Suzette gave him a quick hug. ‘Fine. Glad you’re feeling better.’

He saw her to the door.

‘Just the same,’ she said as she stepped into the cold night, ‘I don’t think you should go into the woods.’

He nodded again. ‘Good advice.’

He closed the door on her.

Nicholas carefully pulled aside the limp, once-white curtains and watched his sister walking up Bymar Street, until the darkness between the tiny footprints of streetlight consumed her. Then he sagged.

She thinks I’ve lost it.
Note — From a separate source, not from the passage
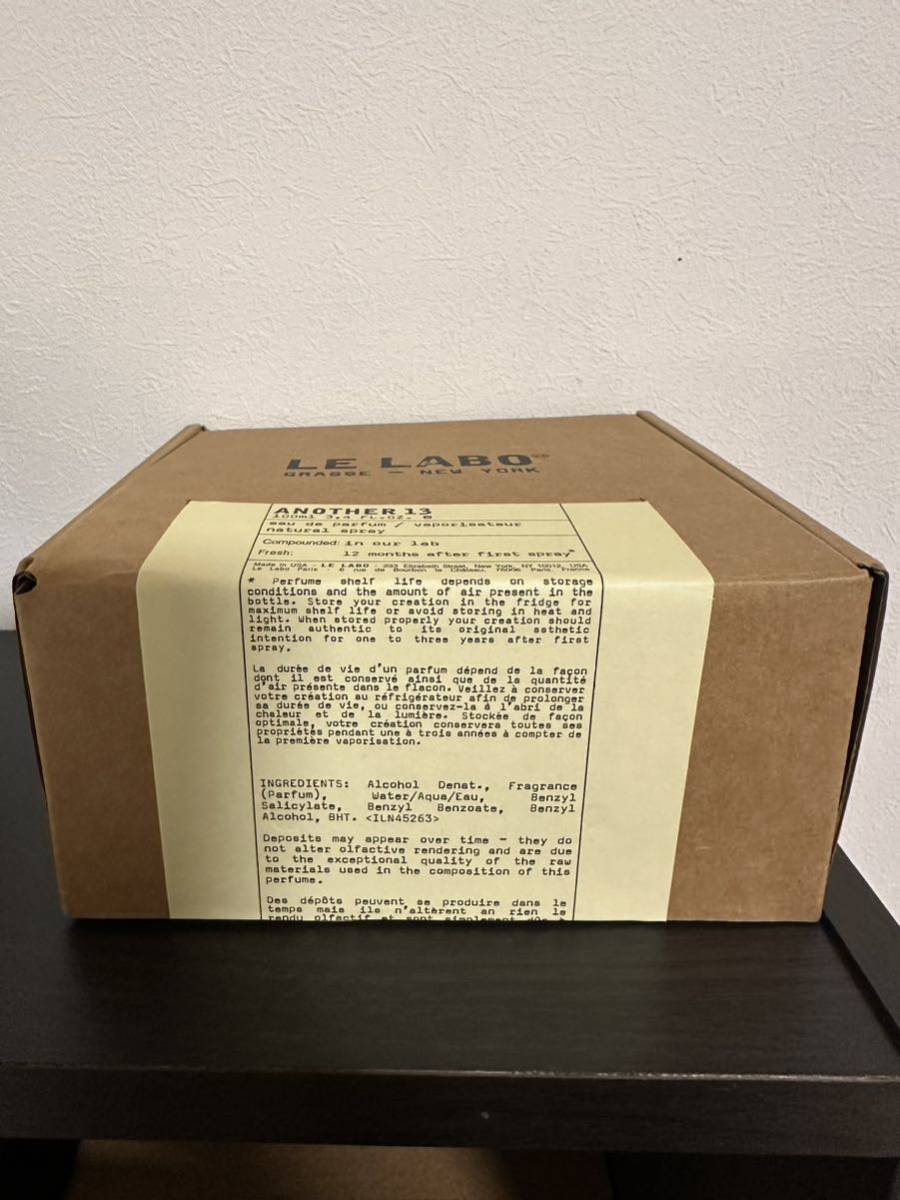 LE LABO ANOTHER 13 ル ラボ アナザー13 オードパルファム ルラボ　香水　100ml 新品_画像3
Well, when ninety-nine people say the sky is blue and one guy with bad hair says it’s green, who do you side with?

Suzette thought he had a wee touch of Gulf War syndrome after seeing Gavin off himself; that was fine. But she was still here — she hadn’t flown home to Sydney. That wasn’t so good. He wondered if he’d told her too much; she’d scared him coming through the front door, he couldn’t help himself. When that knob had turned, he wouldn’t have been surprised to see the old woman with her blue, unsmiling eyes opening the door wide to let some eight-legged thing step silently in. When he saw it was Suzette, his relief was so great he just. . blabbed. Thank God he’d had the good sense not to tell her about what the small terrier Garnock really was. Or about the raping hand job.

He hadn’t imagined it. Certainly, the old witch’s strawberries had made him see things — the beautiful vale, the glistening pond, the pretty boat, Cate’s Surprise, that was the most sadistic of them. But he’d also seen things as they truly were: that the boat was a collapsed hull, the witch’s secretive cottage, the nightmarish, fox-sized spider Garnock. .

Overhead, in the winter sky, the moon was high and small, just a slivered narrow eye.

Was that the last thing Dylan Thomas saw? The moon? An old woman? A knife? Eight unblinking eyes?

He’d told Suzette a lot, but not too much. If he could keep his new, horrible knowledge inside for a few more days, he was sure he could get her to leave and go back to her family. Then there was only Mum to worry about.

The old woman doesn’t want your mother. She wants you.

Nicholas felt his eyes drawn to the end of Bymar Street, where it intersected with Carmichael Road. He could feel the wall of dark trees there, as solid and hostile as an army camped outside a city under siege.

He was about to let the greasy curtain fall when something closer to his flat caught his eye.

Across the road, under a moth-flickering cone of light cast by a streetlamp, a small white terrier sat on the footpath. As soon as Nicholas’s eyes fell on the creature, its tail wagged slowly. It was looking directly at his window. It was watching him.

Now that Nicholas had recognised it, Garnock lazily got to its haunches and trotted down Bymar Street in the direction of Carmichael Road.

Nicholas watched it go, and realised he was shaking.

I’m terrified.

13

He sat shivering on wide, cement steps. Behind him rose the blocky sides of the State Library, wide slabs of raw concrete and dark glass, looking for all the world like a colossal stack of unwanted telephone directories.